You know it’s stupid, you’ve said so over and over again; there was nothing they could have done, it was just one of those things, but it’s no good. You can see how much your lover has been hurt and sometimes that hurt seems bigger than your own.

    The man on the train watches you send the message. You could have told your lover that there’s a man on the train making you feel uncomfortable, but what good would it do? The train is taking you home; your lover is waiting on the platform. They’ll be worried, they’re always worried; why make it worse?

    This is what you’ve started to do. You haven’t started to feel confident; you’ve started hiding your anxiety. You’re not sure if it’s you who doesn’t want sex, or them. Sometimes you’d really like to have sex. You’d like to feel innocent hands on your body and to lie in a mess of communal bedclothes and talk and laugh and be in that warm, soft space together. But you’re frightened that you’ll have sex and you won’t be alone, it won’t be just the two of you. All the time you’ll be wondering if they’re wondering how you feel, if you’re okay, each simple gesture loaded with a meaning it’s too small to carry. You’re frightened that it will be your lover who has the problem touching you.

    So for now, it’s safer to lie on either side of the bed, both of you watching and pretending you aren’t, both of you waiting for the other to find the courage for simple intimacy; the courage to be lovers again.

    One stop to go, the man on the train looks at you. Suddenly you’re angry, not with him; no, you are angry with him, because you’re angry with all of them. You’re angry at the police officer that listened sympathetically; angry that you could see the effort he made to be sensitive, angry that the effort had to be made.  You’re angry at the book of faces you thumbed through, each looking at you with the same dead eyed stare. You’re angry that there was a book, that there even needs to be a book; angry that there were pages and pages of dead eyed stares and none were his, none of them belonged to the man that made you sit in that busy, bright, impersonal office and look for him.

    You’re angry because as you looked at the faces in the book, you looked for every one you’ve ever known and wondered what you would do if you saw them. You are angry that he has made everyone guilty.

    You’re angry because the only time you saw his stare is when you closed your eyes.

    You look back at the man on the train. You’re sure your heart will explode from your chest with the audacity of your gaze. You’re sure your skin is burning, singing like a canary. You want to scream ‘look at me then, go on, look at me!’

    He doesn’t flinch; he just licks his fingers and smiles at you. You feel hot tears stabbing at the back of your eyes because it’s just a smile. It’s just a smile from a stranger who wishes you no ill, who doesn’t want to treat you as if you were nothing more that a handrail. It’s just a smile and it burns you, it makes you swell and beat and fear, makes your palms tingle and your feet sweat, all because of what happened.

What happened has denied you even the casual intimacy of a smile.
 
No.

You won’t let it. This is a war you never asked to be part of, but you’re in it now and you refuse to be its victim.
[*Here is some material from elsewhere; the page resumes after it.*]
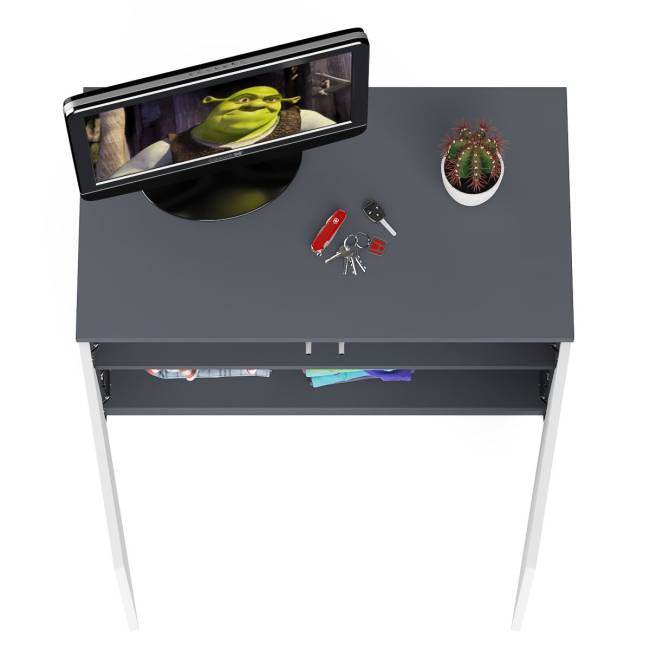 Тумба/антресоль Мори МА900.1 цвет графит/белый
You meet the gaze of the man on the train and you smile.

You smile.

The train enters your station, the name on the sign like the winning post sliding into view. You gather up your free paper and get up. Your hand is shaking as you hold onto the back of the seat, as you press the door release button and read what is written there.

Open doors close.

You read, and you look back at the man on the train. The man’s not looking at you; he’s forgotten you already.

Open doors close, even the ones you never wanted to open.

You step onto the platform and your lover smiles at you, relieved. You embrace, and when they moved to let go you don’t let them. You hold onto them and make them hold you, and press your mouths together as if you needed them to breath, as if they needed you to breath. As if you’ve come home from the war at last.

    ‘Are you all right?’ They ask as they touch your face, stroking the flush from your skin.
    ‘Yes,’ you kiss them again. ‘I’ll be fine.’

*     *     *    *     *    *     *

This is the second piece I have come up with in response to the image above, which is for a competition I'm entering, as part of my 'paying off the mercenary' survial plan.
 I am going to come out and admit that it is partialy autobiographical, but I have chosen the second person POV to try and make the impact more universal. I have also deliberately tried to keep the gender of the MC and the lover ambiguous, trying to show that this is not about gender as such - this is more about how crime/assault invades not just the person but the people around them, how it changes you in ways not always obvious. It's also about how what can seem so casual, watching someone on a train, can take on huge significance as none of us ever truly know what's going through the minds of those around us.
I guess it's a response to that cry of 'cheer up love, it might mever happen,' which I've had in the past. Sometimes, it already has.



Mar 31st

On Tweets, Blogs and Book Promotion

By Gerry

Hello everyone, I’ve been slightly absent from the Cloud just lately, and I thought I might tell you why.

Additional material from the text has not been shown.